The process of employing a trust as a component of an estate plan begins with setting it up and getting it registered as per the applicable laws. Picking a suitable name for the trust is the first step to set it up. Once that is done the various parties to the trust (being grantors, trustees, assets under the trust and beneficiaries) must be clearly identified and defined. A Memorandum of Association must then be drafted to serve as basis for the creation of the trust deed. The trust deed would lay out the roles and powers of each party to the trust, the nuances of the structure of the trust, and give specific details of the assets under the trust.
Once the deed has been drafted, it must be submitted to the registrar for registration. If the trust deed has been appropriately drafted, the registrar would issue the certificate of registration of the trust. The trust can then apply for its own PAN (Personal Account Number), TAN (Tax Deduction And Collection Account Number) and bank accounts. At this point, the process of creating and registering the trust would be complete. The entire process has been summarised in the graphic that follows.

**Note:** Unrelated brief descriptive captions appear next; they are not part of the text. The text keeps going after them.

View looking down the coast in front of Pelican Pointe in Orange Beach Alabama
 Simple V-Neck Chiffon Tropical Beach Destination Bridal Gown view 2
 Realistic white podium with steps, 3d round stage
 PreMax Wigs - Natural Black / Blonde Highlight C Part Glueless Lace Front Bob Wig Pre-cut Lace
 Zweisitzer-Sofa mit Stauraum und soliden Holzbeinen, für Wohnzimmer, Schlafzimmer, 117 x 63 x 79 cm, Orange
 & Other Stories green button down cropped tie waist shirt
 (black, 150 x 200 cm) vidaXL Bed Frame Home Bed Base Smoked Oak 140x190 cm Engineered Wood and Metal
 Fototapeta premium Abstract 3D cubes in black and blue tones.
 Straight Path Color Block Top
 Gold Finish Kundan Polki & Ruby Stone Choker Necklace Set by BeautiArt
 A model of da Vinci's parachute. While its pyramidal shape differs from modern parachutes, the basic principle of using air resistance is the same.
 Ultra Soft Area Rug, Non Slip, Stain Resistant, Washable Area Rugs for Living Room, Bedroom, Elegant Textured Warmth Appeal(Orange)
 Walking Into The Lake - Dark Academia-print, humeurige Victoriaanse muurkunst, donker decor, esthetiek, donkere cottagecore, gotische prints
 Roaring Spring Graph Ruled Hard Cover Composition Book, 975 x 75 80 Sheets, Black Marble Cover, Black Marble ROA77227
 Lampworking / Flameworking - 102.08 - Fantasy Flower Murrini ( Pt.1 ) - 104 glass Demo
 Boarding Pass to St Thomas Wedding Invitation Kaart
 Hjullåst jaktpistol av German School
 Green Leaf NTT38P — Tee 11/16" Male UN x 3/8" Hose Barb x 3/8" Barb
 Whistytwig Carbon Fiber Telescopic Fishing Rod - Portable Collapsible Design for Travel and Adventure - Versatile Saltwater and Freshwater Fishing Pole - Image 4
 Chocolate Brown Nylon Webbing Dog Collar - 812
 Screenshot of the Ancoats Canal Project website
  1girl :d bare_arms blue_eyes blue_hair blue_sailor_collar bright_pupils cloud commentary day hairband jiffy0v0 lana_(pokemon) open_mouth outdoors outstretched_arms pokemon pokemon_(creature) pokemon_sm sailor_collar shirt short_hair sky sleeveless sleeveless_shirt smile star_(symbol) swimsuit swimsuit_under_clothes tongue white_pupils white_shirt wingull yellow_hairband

The most significant benefit of employing a trust as part of an estate plan is that the trust is a legal structure of its own. And because assets are passed on through a trust rather than through the grantor directly, the identity of the grantor stays hidden. Also, because wealth transmission through a trust does not have to be certified by a court. Therefore, the details of the trust and the assets vested under it would also enjoy greater privacy with a trust as compared to a will. A trust is taxed independently of both the grantor and the beneficiaries. This allows the grantor and beneficiaries to plan their taxes better, since they could enjoy a number of potential tax benefits based on the facts of each case.
While the basic way in which a trust passes on the assets that vest within it remain quite similar in all cases, there are a few nuances that would differ based on the type of trust created. On the basis of the degree of control that the grantor enjoys over the assets vested within the trust, they may be classified as revocable and irrevocable trusts. A revocable trust allows the grantor to retain control over the assets vested within the trust until the time the grantor willingly passes on the trust's assets to its intended beneficiaries, or until the death of the grantor, whichever is earlier. Revocable trusts also allow the grantor to make changes to the trust's assets or dissolve the trust at any point of time during their lifetimes.
Such trusts are most commonly set up when the grantor wishes to pass on the vested assets at a certain point of time in the future or on the fulfilment of one or more predefined conditions. Under an irrevocable trust on the other hand, the grantor has no control over the vested assets. This is because any assets vested within an irrevocable trust become the property of the beneficiaries the moment the assets are introduced into the trust. Such trusts are therefore commonly used when the grantor wishes to make an immediate transfer of some or all of their assets. The key features of revocable and irrevocable trusts are set out in the graphic below.
On the basis of the identity of the beneficiaries to a trust, trusts can be classified into private trusts and public trusts. Private trusts are those where there are a definite number of beneficiaries who are clearly identified individuals. Most trusts created by grantors for the benefit of their immediate family or any other individual are usually created in the nature of a private trust. Public trusts on the other hand are those where there are an indefinite number of beneficiaries who are not clearly identified. They are usually created by grantors in favour of charitable institutions, religious institutions or any other such cause for the greater good of society at large. They are a popular medium through which to give effect to any philanthropic aspirations that a grantor may have.
Though a legally enforceable will is an overwhelming favourite among individuals preparing an estate plan, they come with their set of inherent drawbacks that cannot be easily worked around. But trusts allow us to bypass most of the major shortcomings associated with wills. Any estate plan should therefore consider the kind of assets being passed on and the time at which the owner of the estate wishes to pass it on before making a decision on the kind of tools to be employed as part of the estate plan. Such an would help us realise that trusts are just as useful (maybe even more useful in some situations) as a wealth transmission tool as wills and so should receive just as much consideration when we put our estate plans in place.